# [What is needed]
Could you copy, exactly as written, every line from the first line of the records through the one containing "Used Left front"?

[Information provided Boundary: Start]

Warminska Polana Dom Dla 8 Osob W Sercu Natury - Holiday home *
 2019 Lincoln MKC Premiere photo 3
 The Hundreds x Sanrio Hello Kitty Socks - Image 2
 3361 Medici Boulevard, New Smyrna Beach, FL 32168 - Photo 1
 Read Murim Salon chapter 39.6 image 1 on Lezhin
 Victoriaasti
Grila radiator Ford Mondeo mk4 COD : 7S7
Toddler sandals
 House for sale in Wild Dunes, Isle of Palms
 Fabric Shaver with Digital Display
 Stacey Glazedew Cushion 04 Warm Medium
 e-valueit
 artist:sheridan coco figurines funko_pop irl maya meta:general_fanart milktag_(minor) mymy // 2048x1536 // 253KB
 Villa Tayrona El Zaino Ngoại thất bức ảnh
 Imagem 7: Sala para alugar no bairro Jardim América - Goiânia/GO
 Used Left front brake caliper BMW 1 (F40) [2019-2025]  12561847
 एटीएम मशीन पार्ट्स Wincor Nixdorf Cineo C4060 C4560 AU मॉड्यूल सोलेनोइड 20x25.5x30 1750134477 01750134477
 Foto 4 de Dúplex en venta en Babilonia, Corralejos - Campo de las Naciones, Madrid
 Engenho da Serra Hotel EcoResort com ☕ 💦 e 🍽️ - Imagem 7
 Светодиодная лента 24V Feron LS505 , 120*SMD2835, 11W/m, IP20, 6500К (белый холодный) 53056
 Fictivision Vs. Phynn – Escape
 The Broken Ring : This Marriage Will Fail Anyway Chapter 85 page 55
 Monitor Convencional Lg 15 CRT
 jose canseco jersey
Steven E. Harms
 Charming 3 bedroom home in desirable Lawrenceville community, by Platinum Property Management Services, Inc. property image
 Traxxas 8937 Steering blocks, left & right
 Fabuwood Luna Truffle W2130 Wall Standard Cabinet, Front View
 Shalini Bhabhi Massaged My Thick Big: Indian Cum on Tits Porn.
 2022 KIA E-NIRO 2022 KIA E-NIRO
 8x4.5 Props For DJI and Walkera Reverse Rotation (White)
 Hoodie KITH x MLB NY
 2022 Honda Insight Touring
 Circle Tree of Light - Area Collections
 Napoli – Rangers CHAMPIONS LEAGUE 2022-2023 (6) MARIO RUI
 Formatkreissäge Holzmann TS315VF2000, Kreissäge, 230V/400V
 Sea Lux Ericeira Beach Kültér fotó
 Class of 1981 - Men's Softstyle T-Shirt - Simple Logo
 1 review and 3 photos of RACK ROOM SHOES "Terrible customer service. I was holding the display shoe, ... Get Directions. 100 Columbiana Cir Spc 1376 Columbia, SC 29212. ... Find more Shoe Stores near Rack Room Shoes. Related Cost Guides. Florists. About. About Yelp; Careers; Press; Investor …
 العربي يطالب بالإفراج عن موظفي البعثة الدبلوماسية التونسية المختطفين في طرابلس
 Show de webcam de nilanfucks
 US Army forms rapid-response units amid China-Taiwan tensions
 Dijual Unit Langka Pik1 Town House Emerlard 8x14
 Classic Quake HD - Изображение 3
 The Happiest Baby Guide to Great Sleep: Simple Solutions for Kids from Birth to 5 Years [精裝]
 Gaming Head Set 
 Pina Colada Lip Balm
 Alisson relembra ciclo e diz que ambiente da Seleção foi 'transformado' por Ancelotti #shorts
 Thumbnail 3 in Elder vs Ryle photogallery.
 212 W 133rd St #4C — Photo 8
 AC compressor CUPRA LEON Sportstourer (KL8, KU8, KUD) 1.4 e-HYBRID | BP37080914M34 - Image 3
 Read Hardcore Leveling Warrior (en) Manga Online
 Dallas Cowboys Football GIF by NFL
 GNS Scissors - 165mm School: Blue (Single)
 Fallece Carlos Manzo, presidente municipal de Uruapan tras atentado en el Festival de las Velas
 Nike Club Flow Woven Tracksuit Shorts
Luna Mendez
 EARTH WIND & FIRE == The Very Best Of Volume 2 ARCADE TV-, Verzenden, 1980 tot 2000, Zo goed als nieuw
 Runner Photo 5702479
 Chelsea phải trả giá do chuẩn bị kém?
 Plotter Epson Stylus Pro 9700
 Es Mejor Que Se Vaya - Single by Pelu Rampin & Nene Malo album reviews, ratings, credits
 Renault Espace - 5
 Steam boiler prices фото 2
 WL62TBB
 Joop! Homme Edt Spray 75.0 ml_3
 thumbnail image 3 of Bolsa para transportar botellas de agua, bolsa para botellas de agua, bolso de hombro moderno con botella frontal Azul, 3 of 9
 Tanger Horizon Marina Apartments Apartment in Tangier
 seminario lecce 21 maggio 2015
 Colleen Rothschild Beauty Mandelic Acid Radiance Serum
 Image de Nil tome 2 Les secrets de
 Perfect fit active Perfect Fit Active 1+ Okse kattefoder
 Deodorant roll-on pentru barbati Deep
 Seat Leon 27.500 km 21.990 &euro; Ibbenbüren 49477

[Information provided Boundary: End]

# [Response]
Warminska Polana Dom Dla 8 Osob W Sercu Natury - Holiday home *
 2019 Lincoln MKC Premiere photo 3
 The Hundreds x Sanrio Hello Kitty Socks - Image 2
 3361 Medici Boulevard, New Smyrna Beach, FL 32168 - Photo 1
 Read Murim Salon chapter 39.6 image 1 on Lezhin
 Victoriaasti
Grila radiator Ford Mondeo mk4 COD : 7S7
Toddler sandals
 House for sale in Wild Dunes, Isle of Palms
 Fabric Shaver with Digital Display
 Stacey Glazedew Cushion 04 Warm Medium
 e-valueit
 artist:sheridan coco figurines funko_pop irl maya meta:general_fanart milktag_(minor) mymy // 2048x1536 // 253KB
 Villa Tayrona El Zaino Ngoại thất bức ảnh
 Imagem 7: Sala para alugar no bairro Jardim América - Goiânia/GO
 Used Left front brake caliper BMW 1 (F40) [2019-2025]  12561847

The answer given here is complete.